Command line options
-h, --help
: Show this help message and exit.-a, --account
: Slurm account name or project ID.-n, --ntasks
: Number of tasks (cpus).-N, --nodes
: Number of nodes.-p, --partition
: Partition name.-t, --time
: Number of hours based on the partitions timelimit.-l, --license
: Add a license to an interactive session.-m, --mem
: Amount of memory (per GB).-g, --gpu
: Number of gpus.-k, --kernel
: Jupyter kernel for python, r, julia. The default kernel is python.-e, --environment
: Virtual environment(s) for a JupyterLab session.-E, --myenv
: Path to a local virtual environment. The local virtual envs should contain JupyterLab.
Examples
Using the cluster interactively:
[user@lewis4-r630-login-node675 ~]$ interactive
Logging into Interactive partition with 2G memory, 1 cpu for 2 hours ...
[user@lewis4-r7425-htc5-node835 ~]$
Using the cluster interactively with more time and resources:
[user@lewis4-r630-login-node675 ~]$ interactive --mem 16 -n 6 -t 4
Logging into Interactive partition with 16G memory, 6 cpu for 4 hours ...
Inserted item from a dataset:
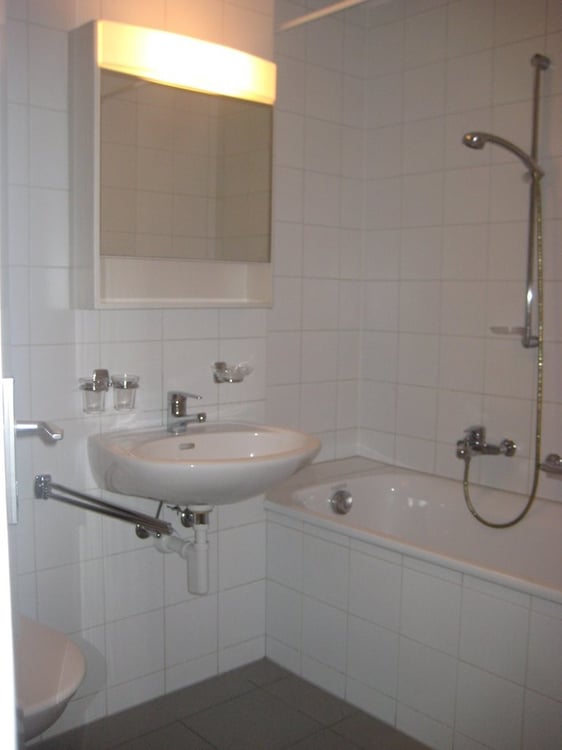 Familienfreundliche 4 1/2-Zimmerwohnung an TOPLAGE 8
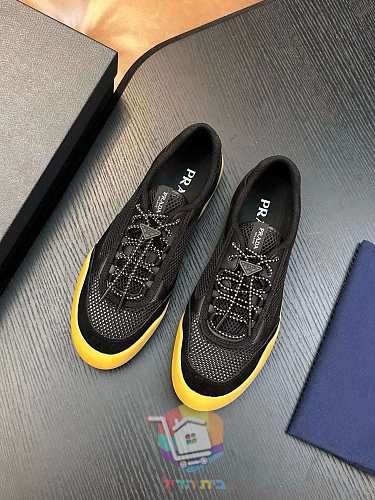 נעלי Prada America's Cup בשישה גוונים 40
[user@lewis4-r7425-htc5-node835 ~]$
Using the cluster interactively with a license:
[user@lewis4-r630-login-node675 ~]$ interactive --mem 16 -n 6 -t 4 -l matlab
Logging into Interactive partition with 16G memory, 6 cpu for 4 hours with a matlab license ...
[user@lewis4-r7425-htc5-node835 ~]$
Using a Gpu interactively:
[user@lewis4-r630-login-node675 ~]$ interactive -p Gpu
Logging into Gpu partition with 1 gpu, 2G memory, 1 cpu for 2 hours ...
[user@lewis4-r730-gpu3-node431 ~]$
Using JupyterLab:
[user@lewis4-r630-login-node675 ~]$ interactive jupyter
Logging into Lewis partition with 2G memory, 1 cpu for 2 hours ...
Starting Jupyter server (it might take about a couple minutes) ...
Starting Jupyter server ...
Starting Jupyter server ...
Jupyter Notebook is running.
Open a new terminal in your local computer and run:
ssh -NL 8888:lewis4-r630-hpc4-node303:8888 user@lewis.rnet.missouri.edu
After that open a browser and go:
http://127.0.0.1:8888/?token=9e223bd179d228e0e334f8f4a85dfd904eebd0ab9ded7e55
To stop the server run the following on the cluster:
scancel 23150533
Using JupyterLab with R kernel:
[user@lewis4-r630-login-node675 ~]$ interactive jupyter -k r
Logging into Lewis partition with 2G memory, 1 cpu for 2 hours ...
Starting Jupyter server (it might take about a couple minutes) ...
Starting Jupyter server ...
Starting Jupyter server ...
...
Using TensorFlow on JupyterLab by a different account and on a partition with 16 GB memory for 8 hours:
[user@lewis4-r630-login-node675 ~]$ interactive jupyter -a general-gpu -p gpu3 --mem 16 -t 8 -e tensorflow
Logging into gpu3 partition with 1 gpu, 16G memory, 1 cpu for 8 hours with account general-gpu ...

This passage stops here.